L’inspecteur Marlowe lut et relut les chiffres du petit carnet ; il réalisa soudain qu’ils correspondaient vraisemblablement à des dates. En face de ces dates, des initiales qu’il n’avait pas remarquées au premier examen du carnet. La plupart étaient libellées «  I-ND de L », « I-ND de S » « O-ND de G ». Cela avait-il un rapport avec les enfants ? ND pouvait-il signifier Notre Dame, ainsi qu’étaient dénommés beaucoup d’établissement accueillant des enfants ? Et dans ce cas la lettre « I » pouvait-elle correspondre à « institut » ou «  institution », et « O » à orphelinat ?  Marlowe eut l’intuition que c’était là la piste à suivre et décida de consulter les archives de la ville. S’il y avait bien un lien, les enfants seraient maintenant des adultes ; leur l’âge pouvait correspondre à celui de la sinistre période où l’occupant avait décidé de créer une race pure. Il connaissait ces pages noires de l’histoire de son pays, l’existence de ces établissements et les rumeurs qui avaient couru sur ce qui se passait entre leurs murs. Pendant l’Occupation, les enfants nés des relations entre les soldats et les femmes, en tout cas pour ceux qui présentaient les critères de la race pure, étaient élevés dans les lebensborn. Les autres étaient éliminés, ou au mieux enfermés dans des orphelinats. Bien que nés de la honte, certains avaient été ensuite adoptés.

Oui pensait l’inspecteur, il y avait là une piste. L’un de ces enfants était devenu Karlsen, mais où était son frère ? Et pourquoi les jumeaux avaient-ils été séparés ?  Marlowe avait sonné aux portes des rares institutions qui existaient encore et où, il l’avait vite compris, on s’efforçait  d’oublier les heures sombres. Il s’était souvent heurté au silence, personne n’avait reconnu les enfants de la photo et les registres n’avaient livré aucun secret. Le sentiment d’un échec et d’une injustice le tourmentaient.
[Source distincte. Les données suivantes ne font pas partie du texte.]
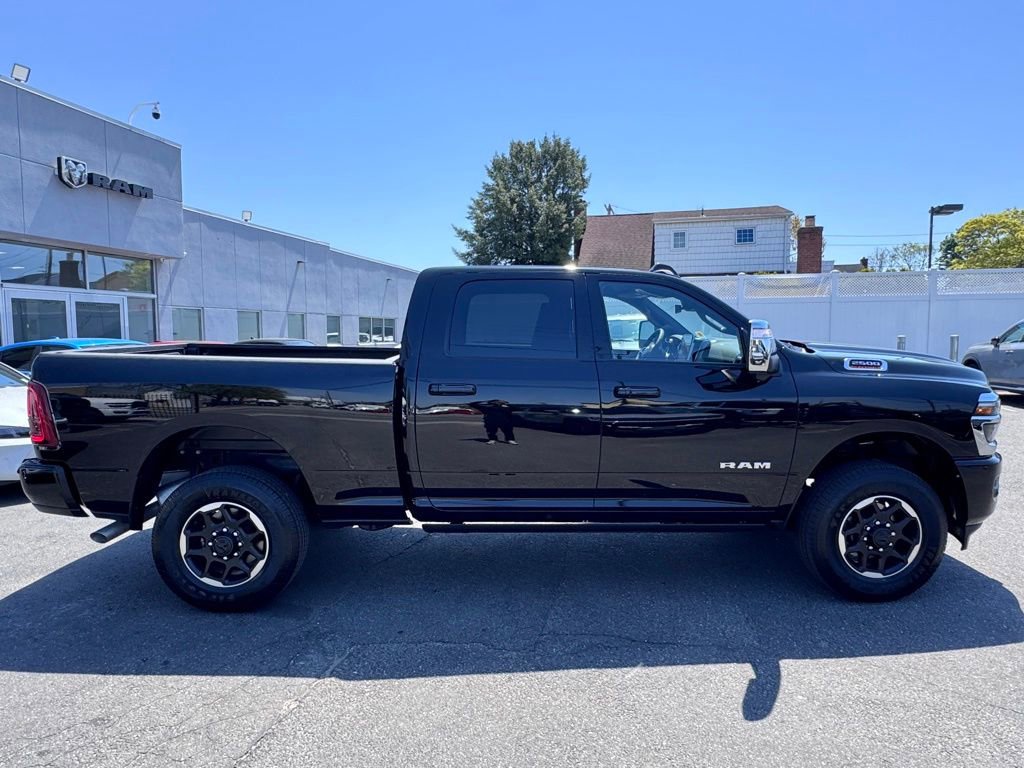 New 2025 RAM 2500 Laramie AWD/4WD image 9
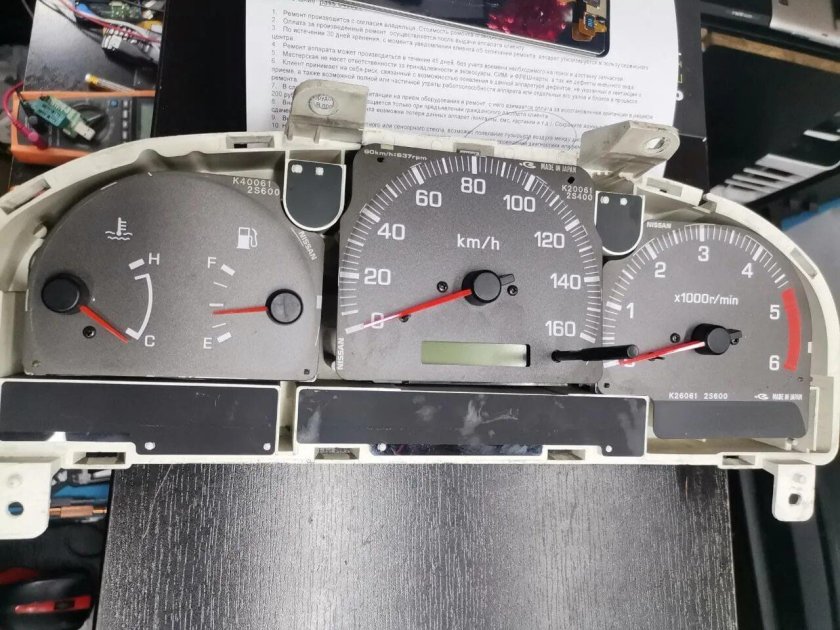 Панель приборов Nissan Terrano 3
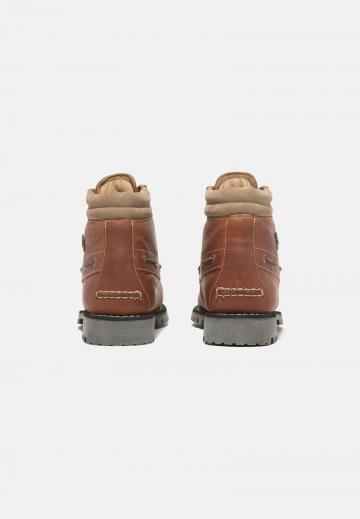 Ботинки на шнуровке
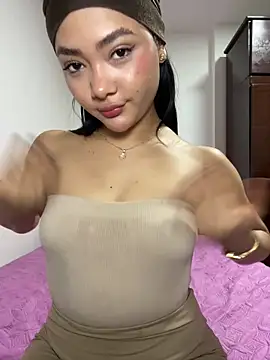 Snapshot of Just_valen chatting on March 11, 2026, 8:53 am Just valen online show from March 11, 2026, 8:53 am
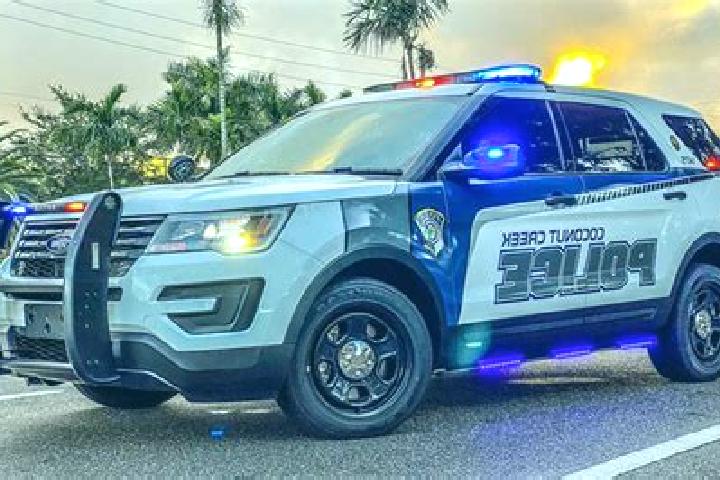 Kinsley, 35 — Escort in Coconut Creek, United States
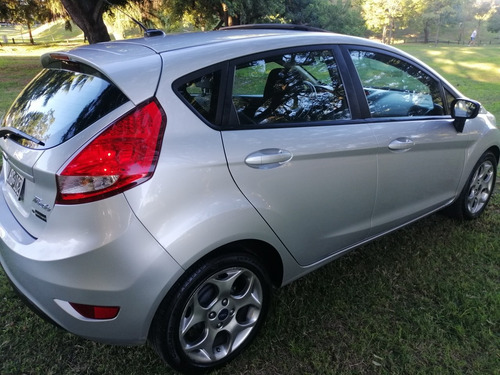 Ford Fiesta Kinetic Design 1.6 Design 120cv Titanium 2012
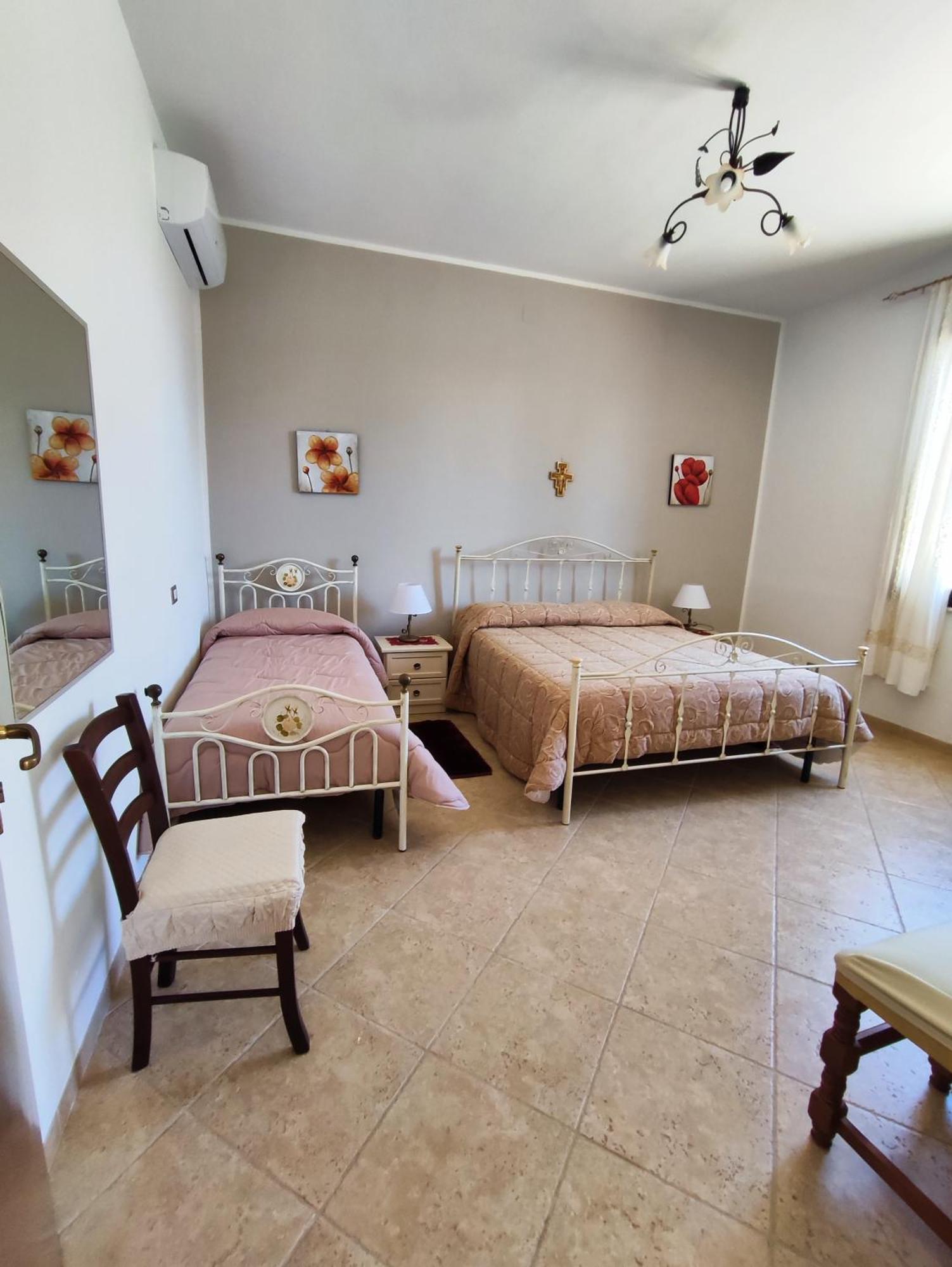 Bed and Breakfast Casolare Nelle Saline Torre Nubia Екстер'єр фото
Il finit par comprendre ce qu’il devait chercher mais il lui fallait tout reprendre, retrouver la trace de ce jumeau qui lui avait fait signe. Il était en fait à sa merci et il sentit l’amertume l’envahir.
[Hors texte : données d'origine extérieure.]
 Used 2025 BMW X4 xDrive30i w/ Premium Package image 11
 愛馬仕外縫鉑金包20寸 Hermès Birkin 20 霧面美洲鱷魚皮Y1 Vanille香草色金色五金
Et puis, un soir alors qu’il avait forcé sur l’akavit pour oublier le temps où il était encore un fin limier, on l’appela : la voix de l’inconnu était sombre et triste.

« Je vous ai envoyé ce qu’il restait des archives de Notre-Dame de Lorsen. Je vous ai observé là-bas au milieu des murs à moitié écroulés... Vous voyez Marlowe, enfant j’ai eu la malchance de claudiquer ; mon frère, lui, courait à perdre haleine dans les prés et les bois. On m’a trimballé d’un orphelinat à l’autre mais celui là c’était le pire, dirigé par une brute. Il m’a fallu du temps pour retrouver mon tortionnaire, je me suis vengé. Il fallait que quelqu’un le sache. Maintenant, par pitié, laissez tomber, Marlowe ».
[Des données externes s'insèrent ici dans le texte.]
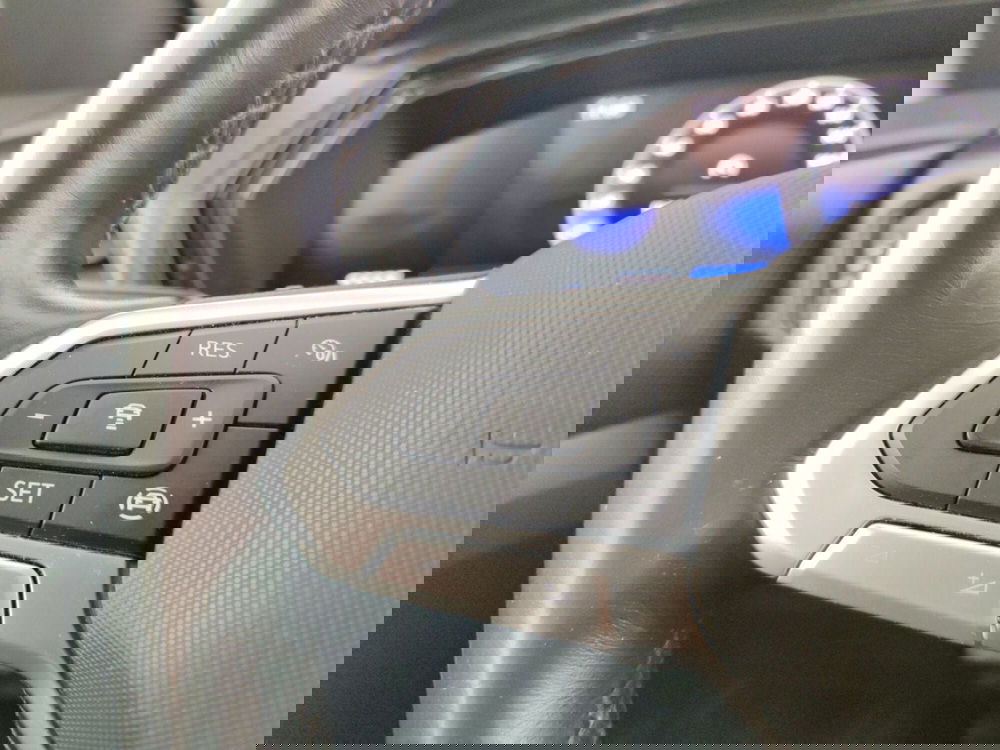 Volkswagen T-Cross usata a Massa-Carrara (14)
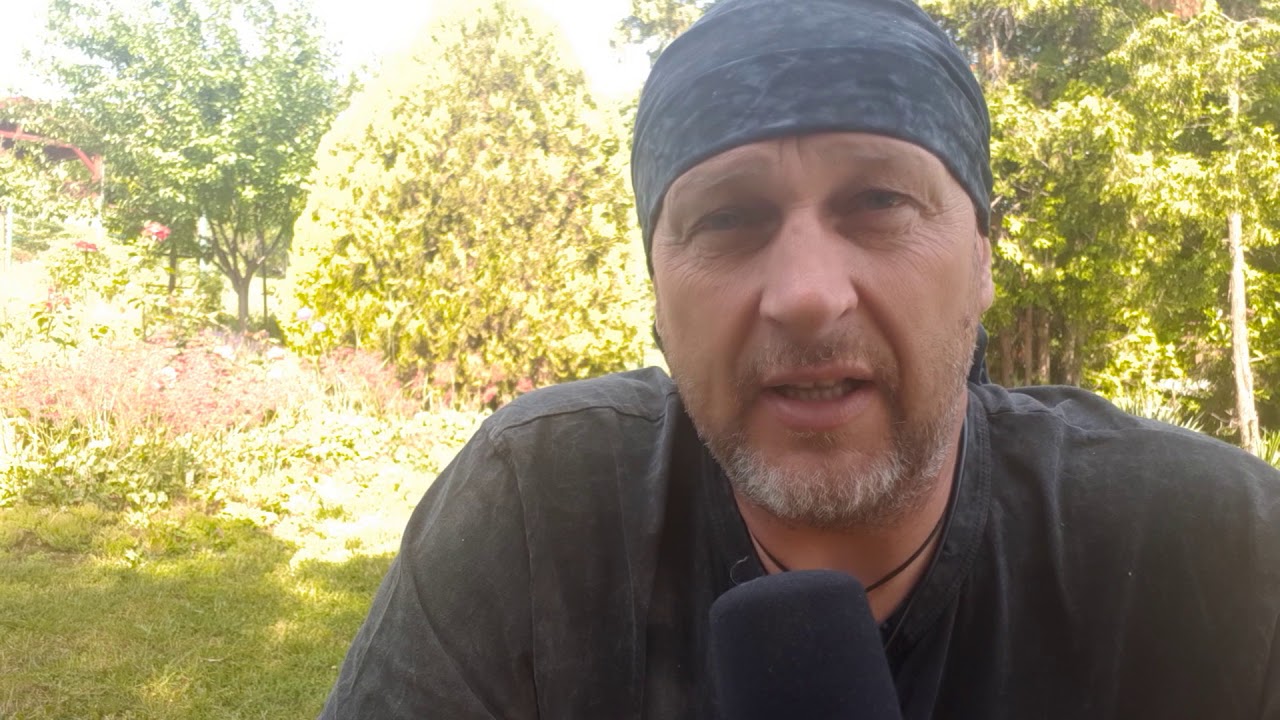 Női kérdések - Férfi válaszok / Miért mindig a nőknek kell...?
L’inconnu avait brusquement raccroché.

Après quelques nuits d’insomnie, l’inspecteur Marlowe décida de classer définitivement le dossier du crime de la ruelle. Il devait oublier toute cette histoire même si cela devait froisser son sens du devoir ; mais avant cela il expédierait la patte de lapin à Karlsen : même si elle n’avait guère porté chance à son jumeau, ça lui ferait toujours un souvenir .

L’inspecteur Marlowe se reversa sur son fauteuil. Au fait,ces deux-là n’avaient peut-être jamais cessé de se voir.

Il soupira. Oui, le mieux c’était vraiment de laisser tomber.